"Why Jones?"
"Because Smith is engaged beforehand by too many people. Honestly, without joking, I'm in danger here and everywhere, and it's a wicked, selfish thing for me to come the way I have; but Rosamond Gilder is the hardest girl to resist you ever saw, so I'm with her; and it's a long history."
"Rosamond Gilder? What—the Cannon Princess, the Bertha Krupp of America?"
"Yes, the 'Gilded Babe' that used to be wheeled about in a caged perambulator guarded by detectives: the 'Gilded Bud' whose coming out in society was called the Million Dollar Début: now she's just had her twenty-first birthday, and the Sunday Supplements have promoted her to be the Golden Girl, alternating with the Gilded Rose, although she's the simplest creature, really, with a tremendous sense of the responsibility of her riches. Poor child! There she is, walking toward us now, with those two young men. Of course, young men! Droves of young men! She can't get away from them any more than she can from her money. No, she's stopped to talk to Cleopatra."
"That tall, white girl Rosamond Gilder! Just before you came, I was wondering who she was; and when you smiled at each other across the deck it sprang into my mind that—that—"
"That what?"
"Oh, it seems stupid now."
"Give me a chance to judge, dear Duffer."

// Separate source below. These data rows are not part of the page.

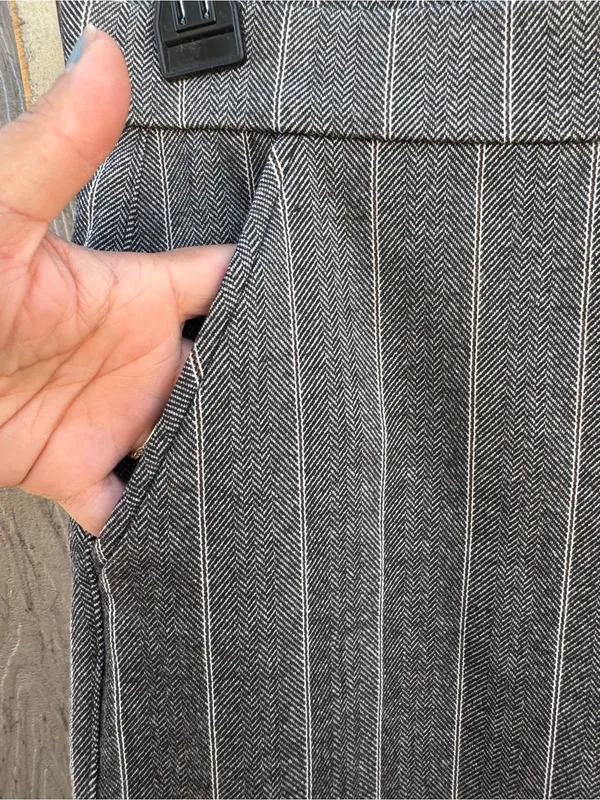 Lee Wide Leg Pinstripe Trousers in Gray - Image 3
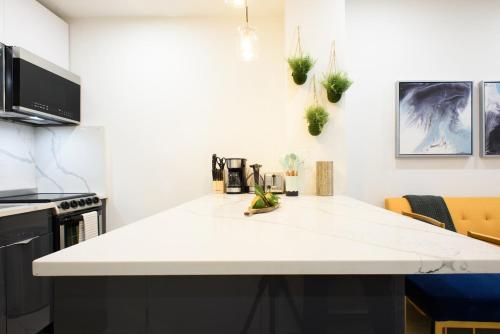 1597-9 Renovated Studio Prime UES WD in unit, New York (Foto 10)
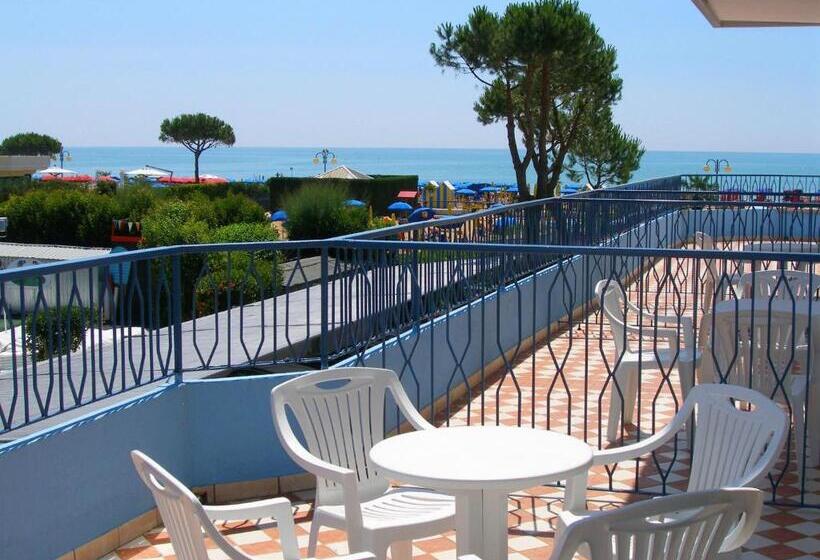 هتل La Brezza Frontemare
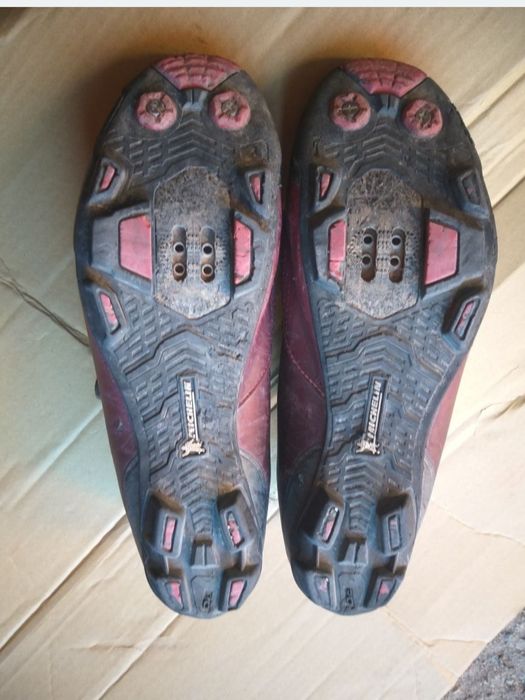 Екип за колоездене, джърси и шпайкове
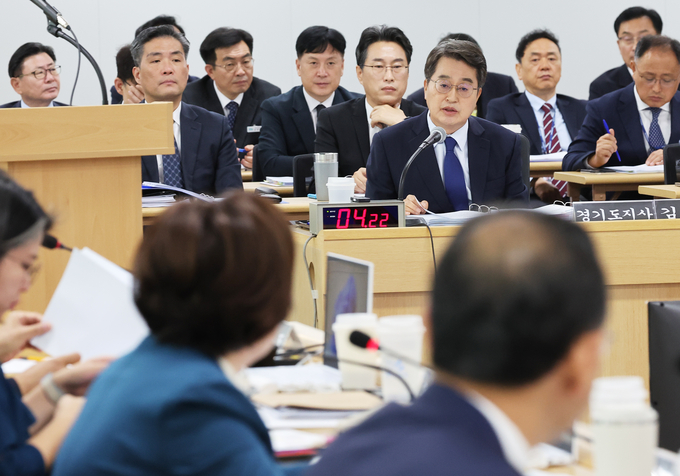 김동연 경기도지사가 21일 경기도청에서 열린 국회 행정안전위원회의 경기도에 대한 국정감사에서 위원 질의에 답변하고 있다. (사진=연합뉴스) 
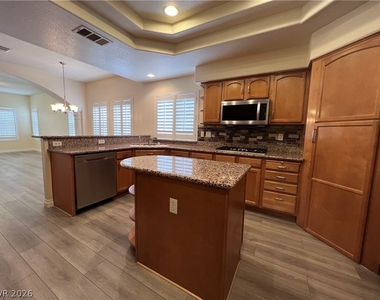 678 Kentons Run Avenue - Photo Thumbnail 11
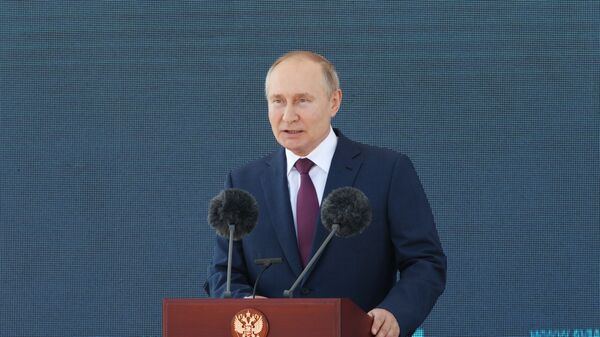 Rusiya prezidenti Vladimir Putin MAKS-2021 aviasalounun açlışında, 20 iyul 2021-ci il - Sputnik Azərbaycan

"Well, seeing you, and knowing—that is, it occurred to me you might be travelling with—the daughter of—your late—"
"Good heavens, don't say any more! I've been frightened to death somebody would get that brilliant notion in his head, especially as Monny and her aunt came on board the Laconia only at Monaco. Esmé O'Brien is in a convent school not thirty miles from there. But that's the deepest secret. Poor Peter Gilder's fears for his millionaire girl would be child's play to what might happen, before such a mistake was found out if once it was made. That's just one of the hundred reasons why it would be as safe for Monny Gilder to travel with a bomb in her dressing-bag as to have me in her train of dependants. She telegraphed to New York for me, because of a stupid thing I said in a letter, about being lonely: though she pretends it would be too dull journeying to such a romantic country alone with a mere aunt. And she thinks I 'attract adventures.' It's only too true. But I couldn't resist her. Nobody can. Why, the first time I ever saw Monny she'd cast herself down in a mud-puddle, and was screaming and kicking because she wanted to walk while one adoring father, one sycophantic governess and two trained nurses wanted her to get into an automobile. That was on my honeymoon—heaven save the mark—! and Monny was nine. She has other ways now of getting what she wants, but they're even more effective. I laughed at her that first time, and she was so surprised at my impudence she took a violent fancy to me. But I don't always laugh at her now. Oh, she's a perfect terror, I assure you—and a still more perfect darling! Such an angel of charity to the poor, such a demon of obstinacy with the rich! I worship her. So does Cleopatra. So does everybody who doesn't hate her. So will you the minute you've been introduced. And by the way, why not? Why shouldn't I make myself useful for once by arranging a match between Rosamond Gilder, the prettiest heiress in America, and Lord Ernest Borrow, of the oldest family in Ireland?"